Configuration: iMac 2017; 2.1 To, High Sierra, tout USB déconnecté

1ère étape: Installation de W10/BootCamp parfaitement réussie avec fichier ISO-French chargé sur MS, sans clé d’activation:
    W fonctionne à la perfection: connexion à un Wifi, envoi/réception de mails, navigation internet, etc...
    Redémarrages au choix sur Mac Os ou W sont OK > euphorie ….

2e étape: je m’aperçois que malheureusement j’ai mal paramétré la partition du DD (j’ai laissé le minimum par défaut pour W10….)
    Via BootCamp, je désinstalle W10 et la partition unique du DD est bien rétablie (A propos de ce Mac>Stockage).

3e étape: je recharge un nouvel ISO et réinstalle W10 en choisissant une partition 1.1/1 To
    L’installation semble se passer normalement:
    - Prise en charge de W > partitionnement du DD > copie des fichiers W > Enregistrement du logiciel de prise en charge de W > modification acceptée >
    - Logo « _Démarrage du prog d’installation_ » > Sélection du système d’exploitation (W10H) à installer > Contrat de licence MS accepté > … et
    - écran noir > message « _L’installation a été annulée_ » > et le message mortel suivant:

_« Windows ne peut pas localiser le disque et la portion spécifiée dans le paramètre <ImageInstall > du fichier de réponses sans assistance. Vérifiez que le paramètre fait références à une partition valide et démarrez l’installation «_ > OK
    et …. retour à MacOS !

Précisions: j’ai recommencé plusieurs jours/fois (ISO neuf à chaque fois), sans et avec clé d’activation > même résultat à chaque tentative.

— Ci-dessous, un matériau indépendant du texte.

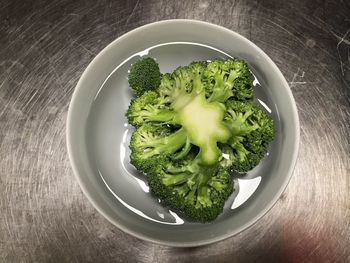 High angle view of broccoli in bowl on sink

La faute à qui et surtout que faire ??
    Merci


----------



## Chrysocarde (12 Juin 2018)

Je  me réponds pour informer de la situation et ainsi maintenir le fil actif.

A bout d’idées, je me suis résolu à contacter l’Assistance Apple. Leur préconisation  catégorique:
    - réinstallation complète du système (non pas une simple utilisation de la fonctionrécupération de Mac OS, mais bien une installation complète à partir du Mac App Store)
    C’est la seule solution disaient-ils ….
    - + récup des données perso via la sauvegarde Time Machine.

Me sentant incapable de faire cela tout seul, j’ai demandé l’aide de l’Assistance.
    Celle-ci m’a tenu les doigts pendant plus d’une heure (une vraie galère un téléphone à la main…) et je me suis retrouvé avec un iMac « neuf ». Je tiens en passant à saluer la précision et la patience avec moi de la dite Assistance …
    A charge pour moi ensuite  de lancer la procédure d’installation de W10 (chargemebnt de l’ISO > BootCamp > etc…)

Résultats:
    - échec complet avec les mpêmes étapes et messages déjà signalés précédemment:
        * _Windows ne peut pas localiser le disque et la partition spécifiée dans le paramètre <ImageInstall > …_

    - Mac OS High Sierra 10.13.5 étant disponible, jai fait la mise à jour du système et relancé BootCamp >
    même échec complet …

L'Assistance Apple est bien sûr informée et j’attends telle soeur Anne ...


----------



## johann51 (25 Juin 2018)

exactement tout pareil que toi, 1ere install easy, puis j'ai voulu formater, et la impossible de réinstaller w10, meme erreur que toi, j'ai vraiment l'impression qu'il y a un soucis rédhibitoire avec fusion drive à ce sujet


----------



## Chrysocarde (26 Juin 2018)

Oui, je le pense aussi.
    AMHA, dans l’enchainement des procédures de BC: 
_    > chargement du logiciel de prise en charge de W > partitionnement du HD > copie des fichiers W > Enregistrement du logiciel de prise en charge de W > modification acceptée > *Logo Windows* > « Démarrage du programme d’installation »_

il y a à l’évidence un problème de passage des paramètres de la partition qui se fait mal (ou pas) …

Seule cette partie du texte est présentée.